(DATA RECORDS)
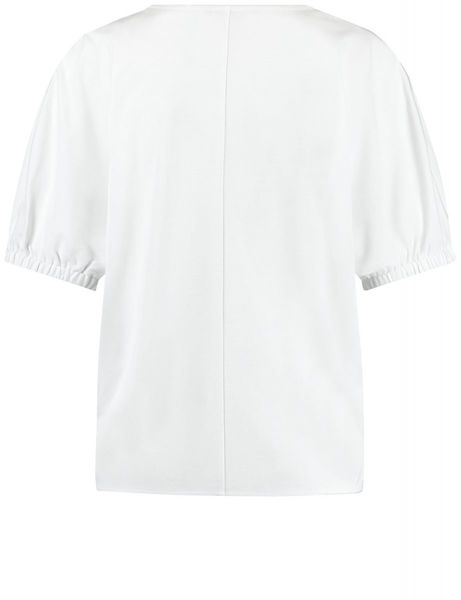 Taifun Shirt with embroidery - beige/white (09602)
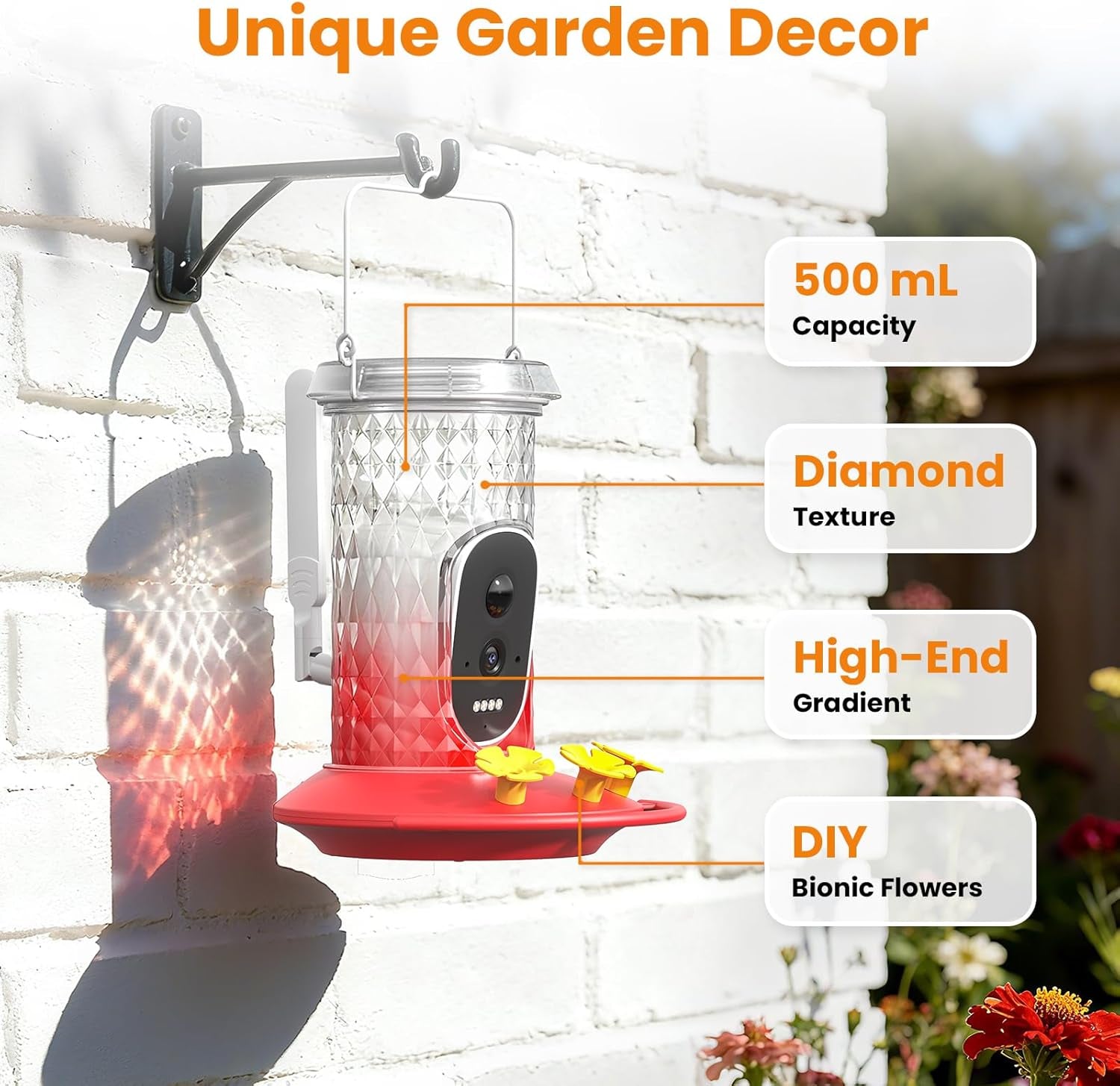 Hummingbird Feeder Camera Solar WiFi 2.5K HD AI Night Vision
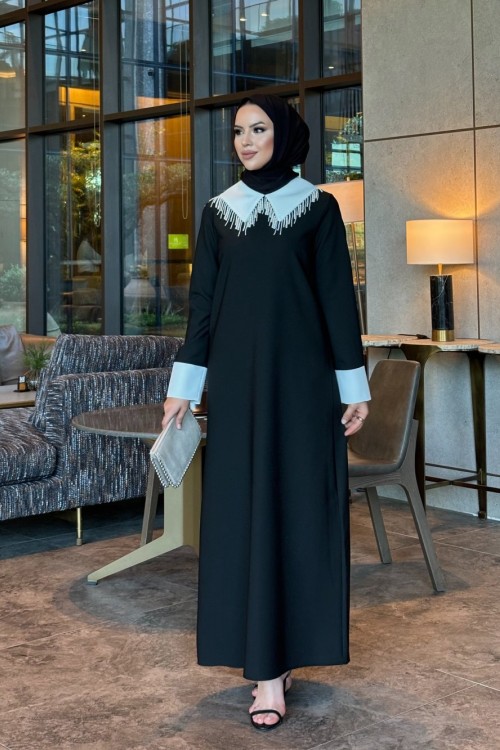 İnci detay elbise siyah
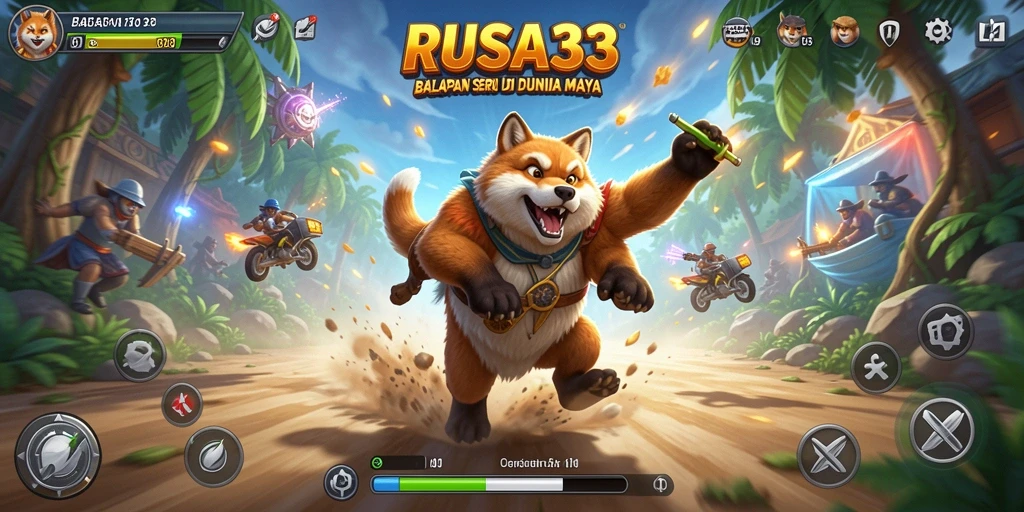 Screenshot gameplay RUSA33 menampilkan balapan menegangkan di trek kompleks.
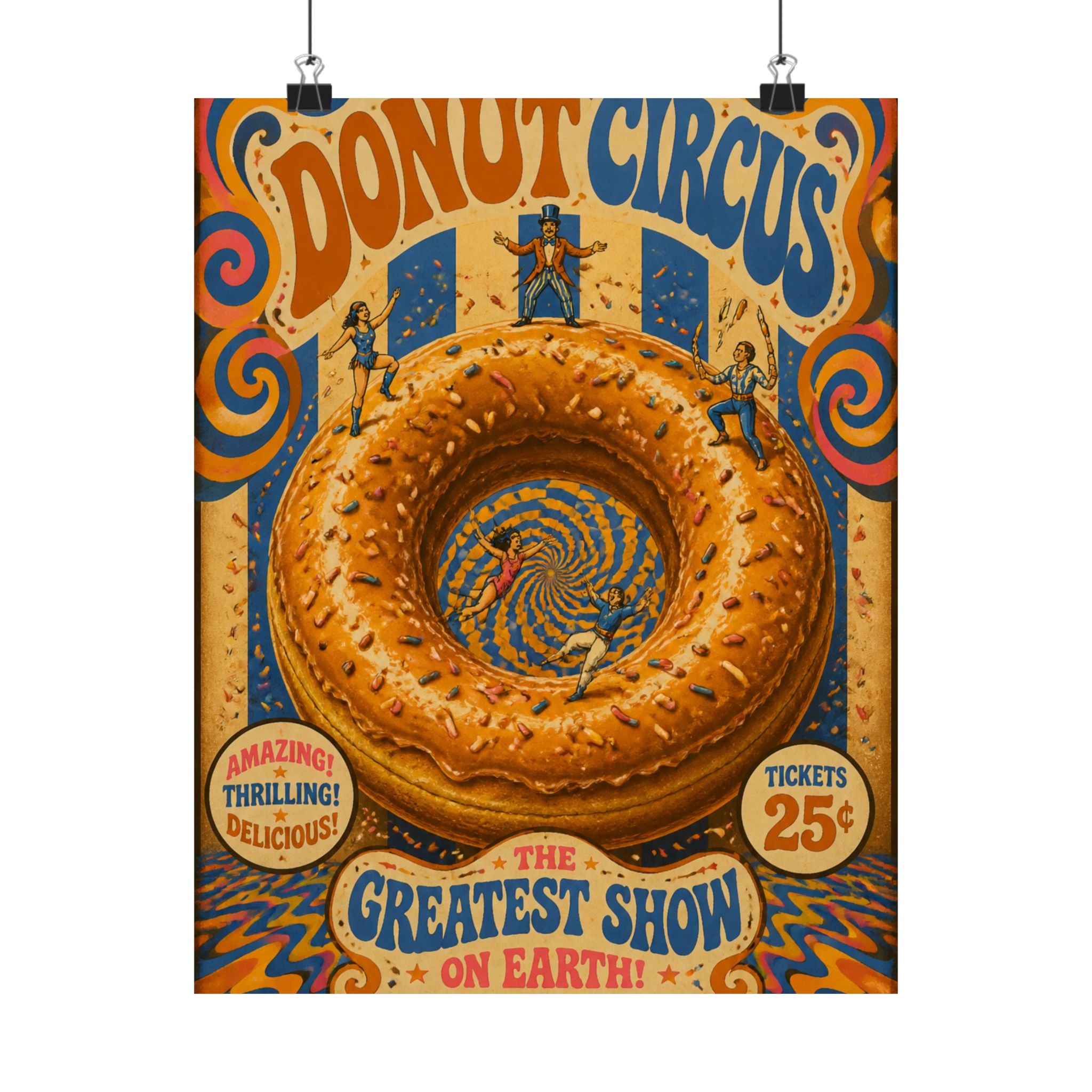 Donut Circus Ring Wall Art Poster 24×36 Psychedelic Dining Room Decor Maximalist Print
(End DATA RECORDS)
# PROBLEM TO WORK ON
Once the line containing "Screenshot gameplay RUSA33" is found, write out exactly that line and each line after it through the end of the entries, omitting pictures.

# ANSWER SECTION
 Screenshot gameplay RUSA33 menampilkan balapan menegangkan di trek kompleks.
 Donut Circus Ring Wall Art Poster 24×36 Psychedelic Dining Room Decor Maximalist Print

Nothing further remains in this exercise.